WORK TO COMPLETE ->
Print, word for word, every line from the beginning of the listing up to and including the line with "6 999 р. Защита". Pictures are to be excluded.

_ _ _ _ _ _ _

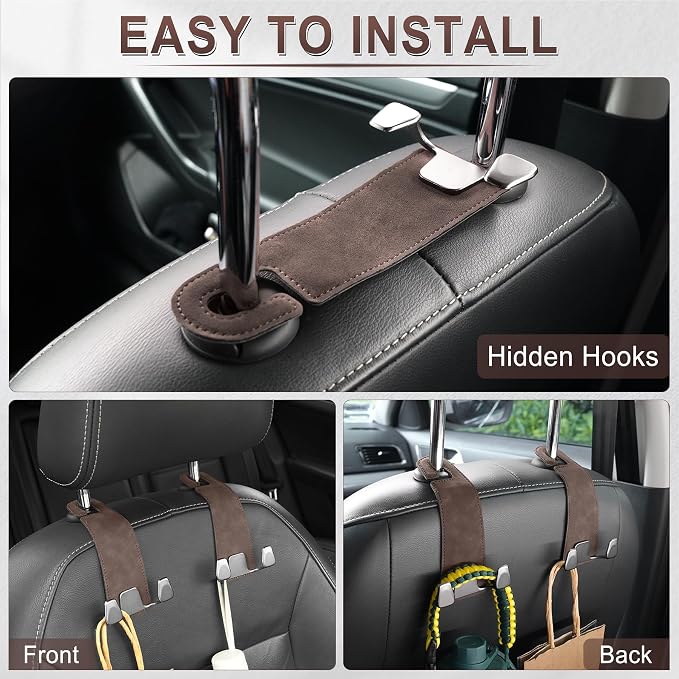 Car Seat Headrest Hook, Premium Suede Double Hook 2 Pack, Universal Hanging Accessories for Purse, Bag, Groceries - Car Interior Accessories (Brown)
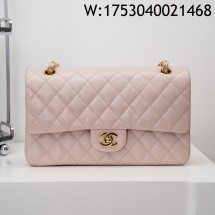 [JD] 샤넬 소가죽 캐비어 금장 클래식 플랩백 25cm 핑크 미디엄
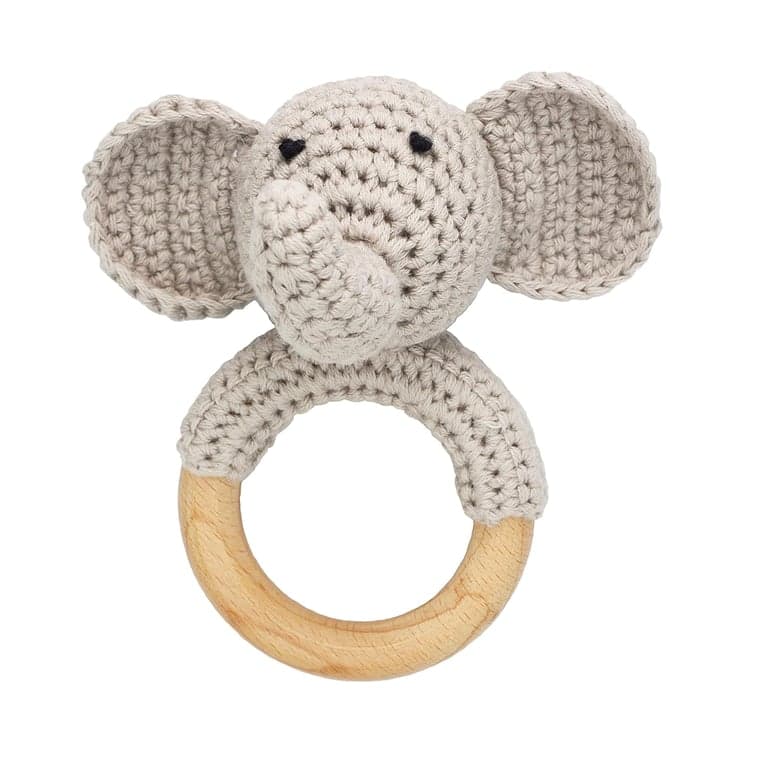 Joliecraft Woodlands Rattle Shaker With Wooden Teething Ring Elephant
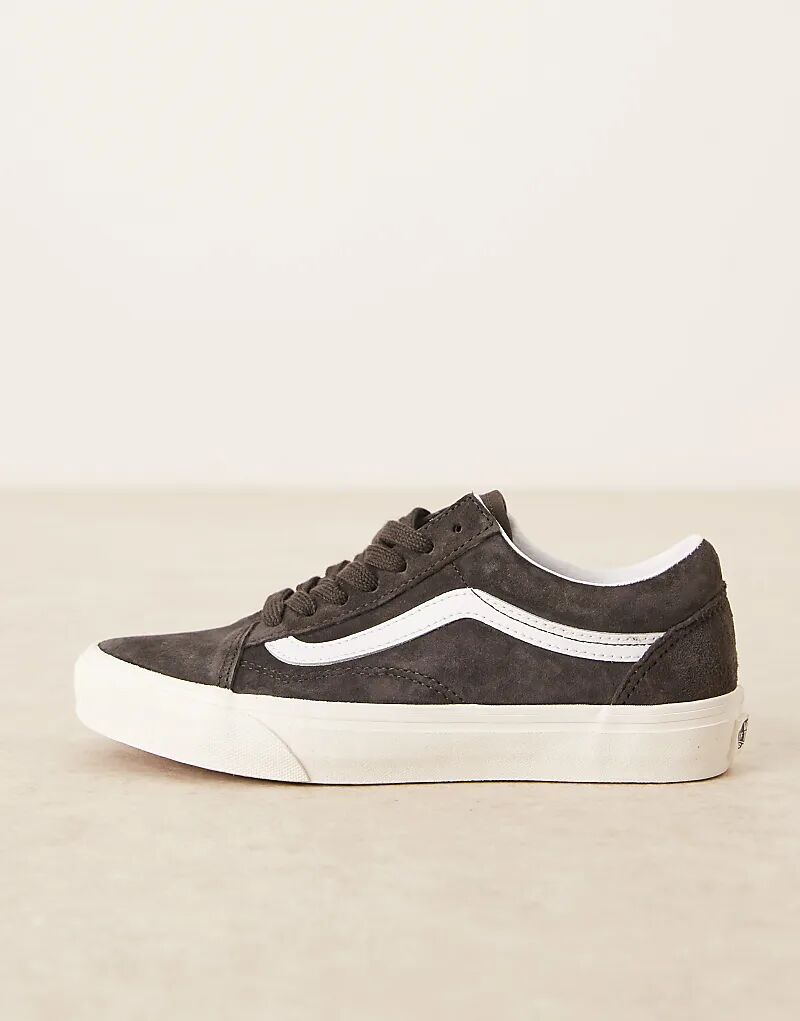 Кроссовки Vans Old Skool из свиной замши темно-коричневого цвета — фото 2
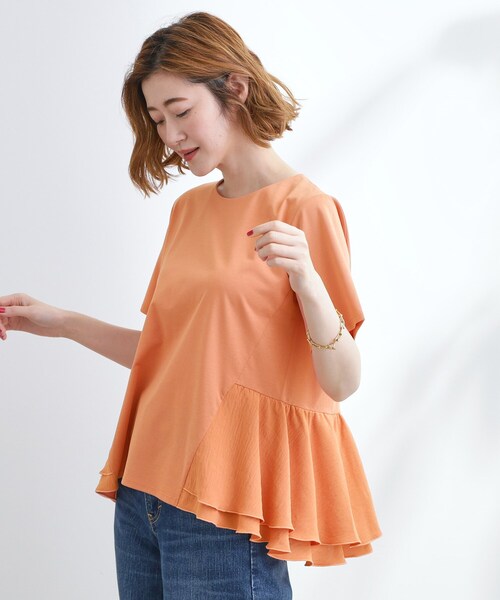 grove（グローブ）の「【UV・冷感】布帛使いフレアーTシャツ（Tシャツ/カットソー・レディース・オフホワイト/ブラック/ブルーグリーン/オレンジ・02/03/01/04/05）」の13枚目の写真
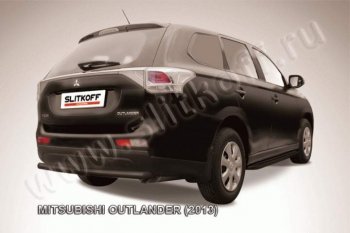 6 999 р. Защита задняя Slitkoff  Mitsubishi Outlander  GF (2012-2014) дорестайлинг (Цвет: серебристый)  с доставкой в г. Екатеринбург. Увеличить фотографию 1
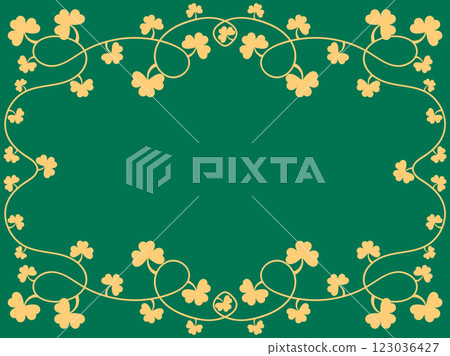 Green clover leaves frame for St. Patrick's Day. Border with shamrocks with place for text. Holiday shamrock frame for promotional products, postcards and printed publications. Vector illustration Green clover leaves frame for St. Patrick's Day. Border with shamrocks with place for text. Holiday shamrock frame for promotional products, postcards and printed publications. Vector illustration 123036427
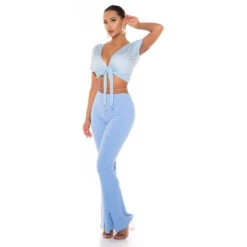 Damen High Waist Bootcut Stoffhose Mit Zippern Babyblau 14 Damen High Waist Bootcut Stoffhose Mit Zippern Babyblau -Noirmade Geschaft damen high waist bootcut stoffhose mit zippern babyblau4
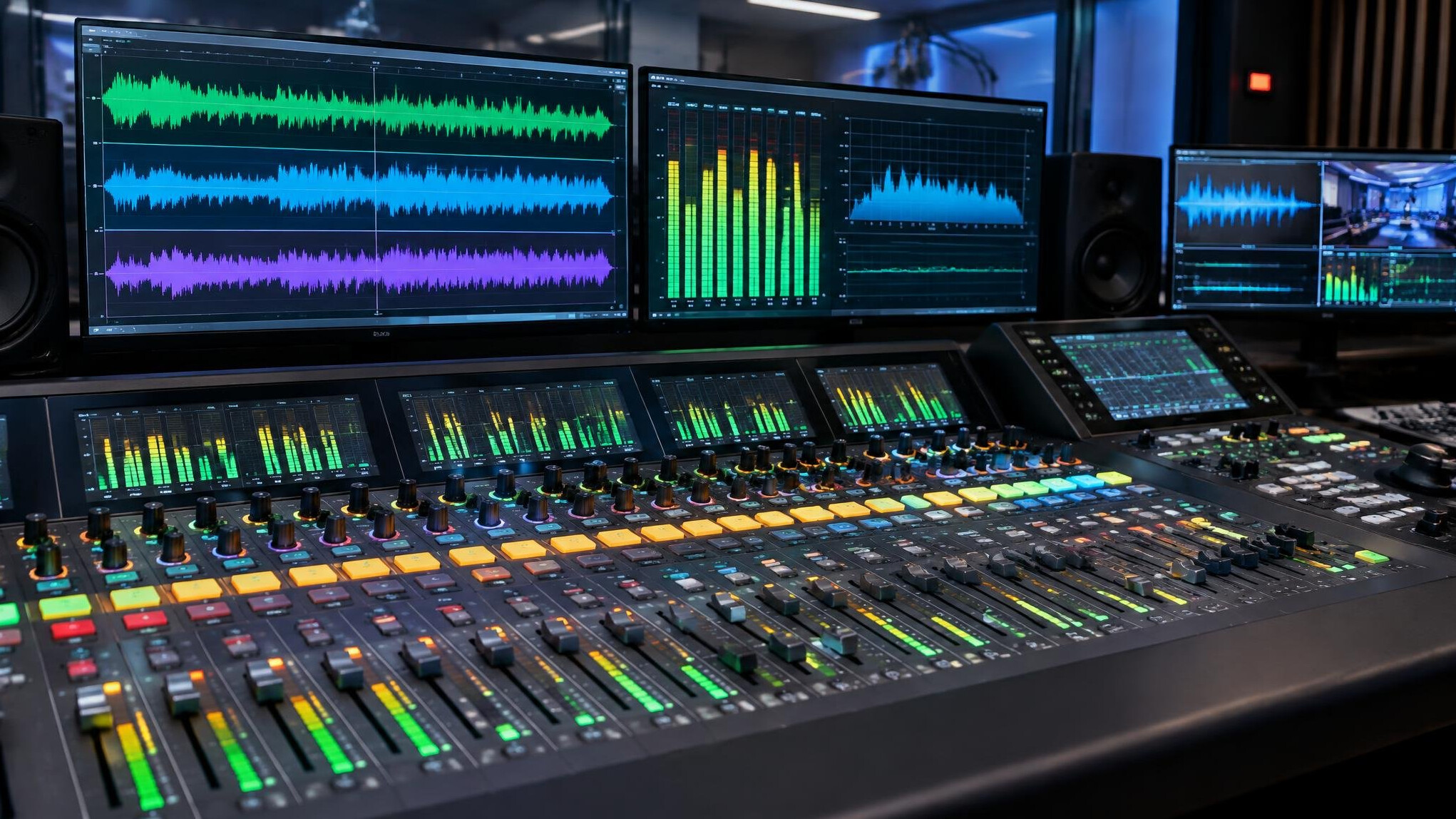Audio mixing console in a broadcast sound room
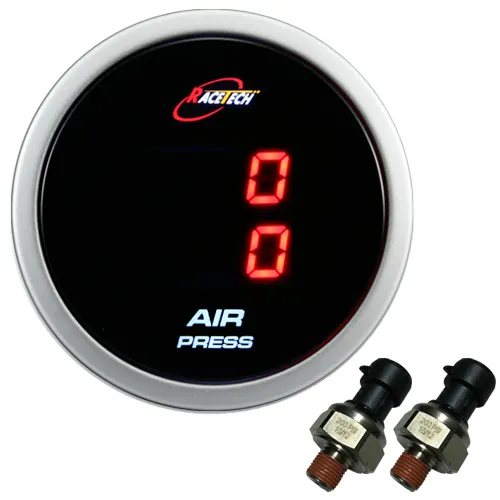 Indicador Digital de presión de aire Dual para coche, Kit de suspensión de bolsa de aire, Sensor electrónico incluido, 52mm, LED rojo, fácil de instalar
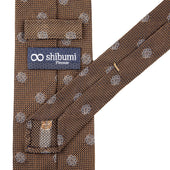 Shibumi Flower Fina Grenadine Silk Tie Beige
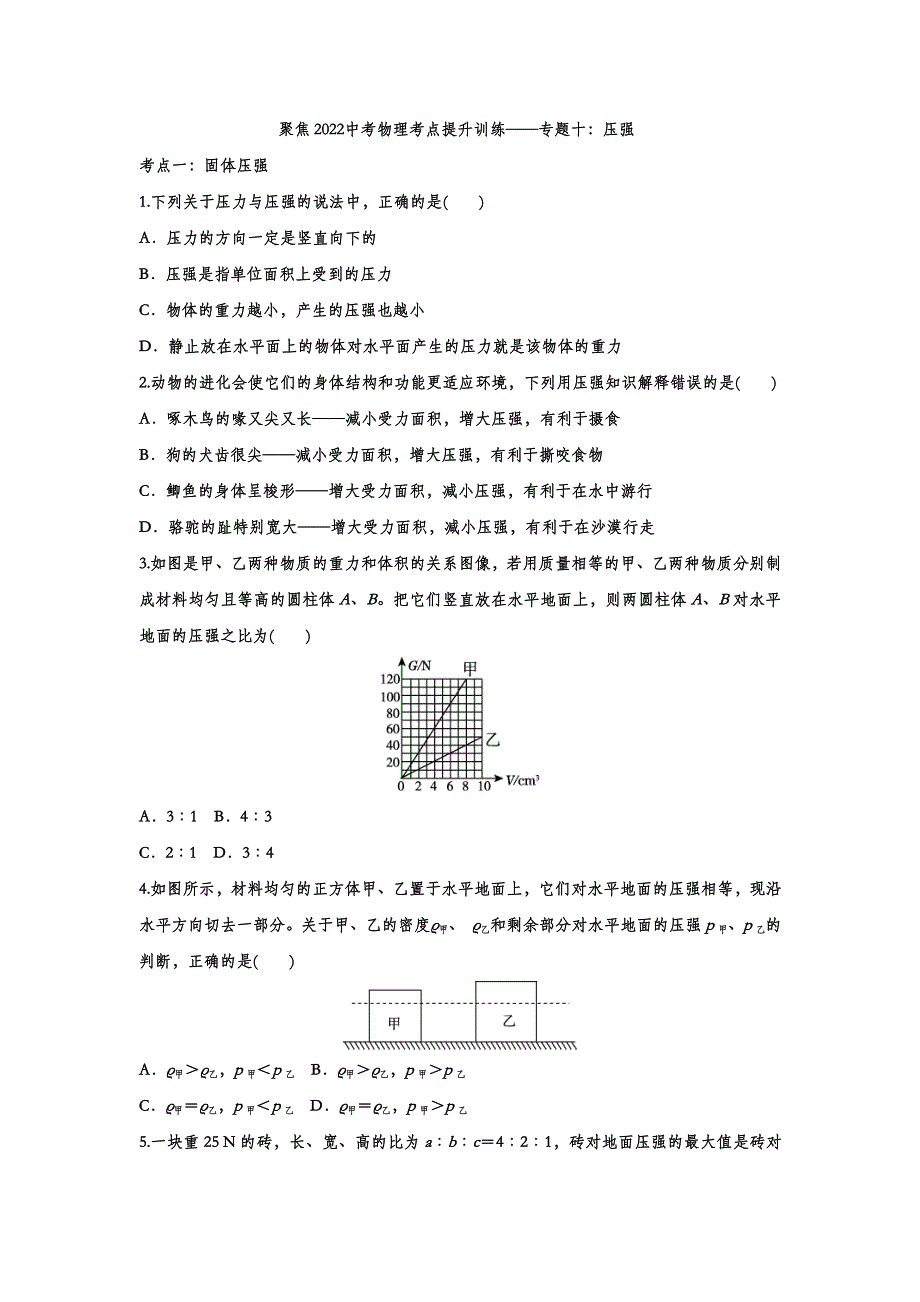 2022中考物理考点提升训练专题十：压强_第1页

_ _ _ _ _ _ _

EXERCISE SOLUTION ->
 Car Seat Headrest Hook, Premium Suede Double Hook 2 Pack, Universal Hanging Accessories for Purse, Bag, Groceries - Car Interior Accessories (Brown)
 [JD] 샤넬 소가죽 캐비어 금장 클래식 플랩백 25cm 핑크 미디엄
 Joliecraft Woodlands Rattle Shaker With Wooden Teething Ring Elephant
 Кроссовки Vans Old Skool из свиной замши темно-коричневого цвета — фото 2
 grove（グローブ）の「【UV・冷感】布帛使いフレアーTシャツ（Tシャツ/カットソー・レディース・オフホワイト/ブラック/ブルーグリーン/オレンジ・02/03/01/04/05）」の13枚目の写真
 6 999 р. Защита задняя Slitkoff  Mitsubishi Outlander  GF (2012-2014) дорестайлинг (Цвет: серебристый)  с доставкой в г. Екатеринбург. Увеличить фотографию 1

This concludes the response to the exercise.